И наконец куда-то на солнечную площадь являются Меркуцио и Бенволио, чтобы отдохнуть.
Они привычно шутливы, хотя тревога уже разлита в самом воздухе. Но стоит ли к ней прислушиваться? С тревогой надо бороться как раз тем, чтобы научиться не слышать ее. С тревогой надо бороться покоем, и потому постелем вот здесь, снимем рубашки и будем загорать!
Но появляется Тибальт, как бы для того, чтобы напомнить, что не все так прекрасно на белом свете...
Шумный Меркуцио затихает и только безнадежно тоскливо выдыхает последние свои проклятия по поводу людской вражды.

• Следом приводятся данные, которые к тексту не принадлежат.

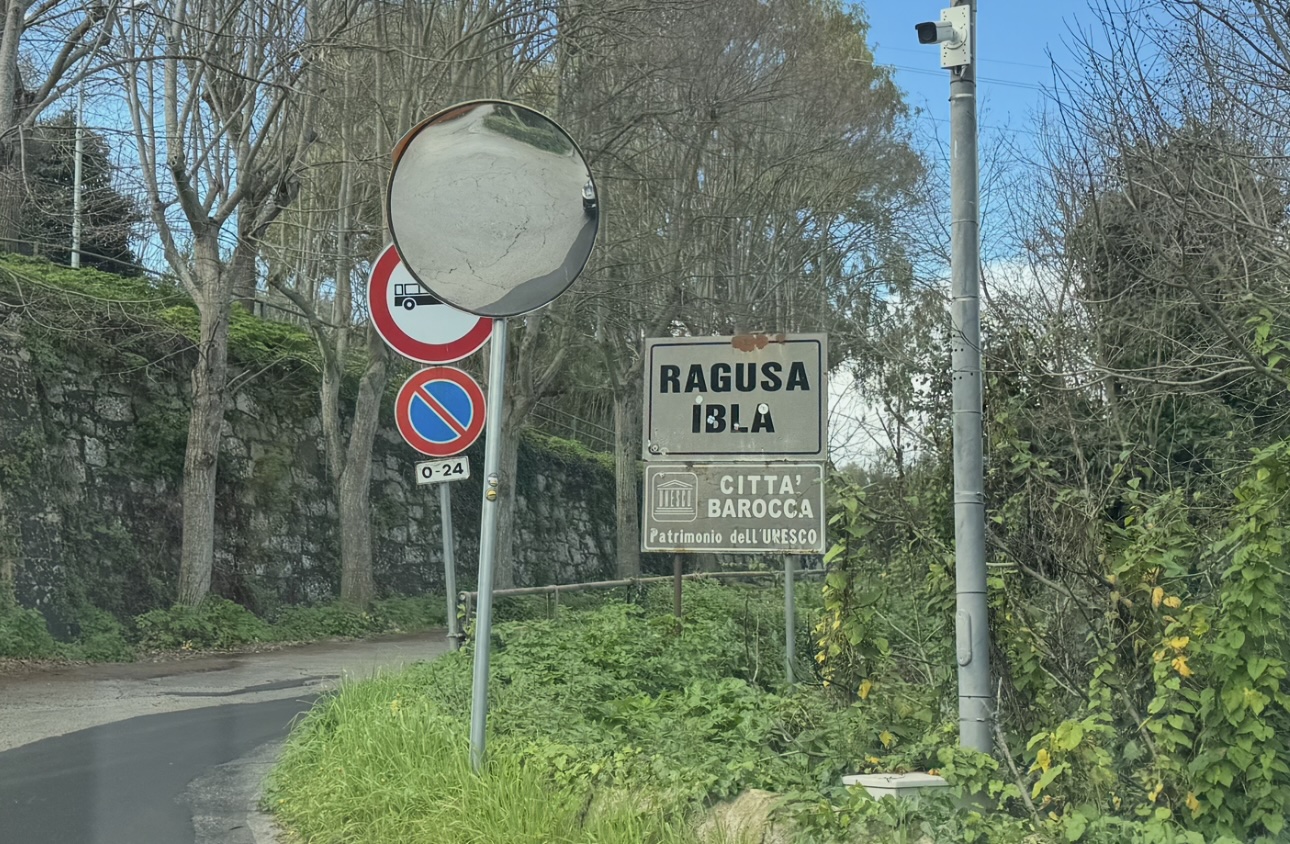 A Ibla il benvenuto lo da un cartello arrugginito e bucato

А Ромео, обезумевший от ощущения своей вины, вдруг наливается свинцом, становится столь же страшен и мрачен, как и Тибальт. Они дерутся как два бешеных животных, а потом начинается кутерьма и вопли родственников над трупами Тибальта и Меркуцио. Люди теряют разум, они звереют, начинается какая-то паника: кричит герцог, и кричат женщины, и колокол начинает звучать, будто война.
Один из критиков однажды сказал, что Треплев — это «неудачный искатель новых форм, якобы затравленный окружающей средой». Вы обратили внимание на это удивительное «якобы»?
Не на самом деле затравлен, а будто бы... Иначе говоря — парень занимается черт знает чем, возомнил о себе бог знает что, а друзья распустили слух, будто среда во всем виновата. На самом же деле просто плохой характер. И застрелился потому, что разочаровался в своем формотворчестве, как сказал этот же критик.
Современный человек, оказывается, может рассуждать о Треплеве почти так же, как Аркадина!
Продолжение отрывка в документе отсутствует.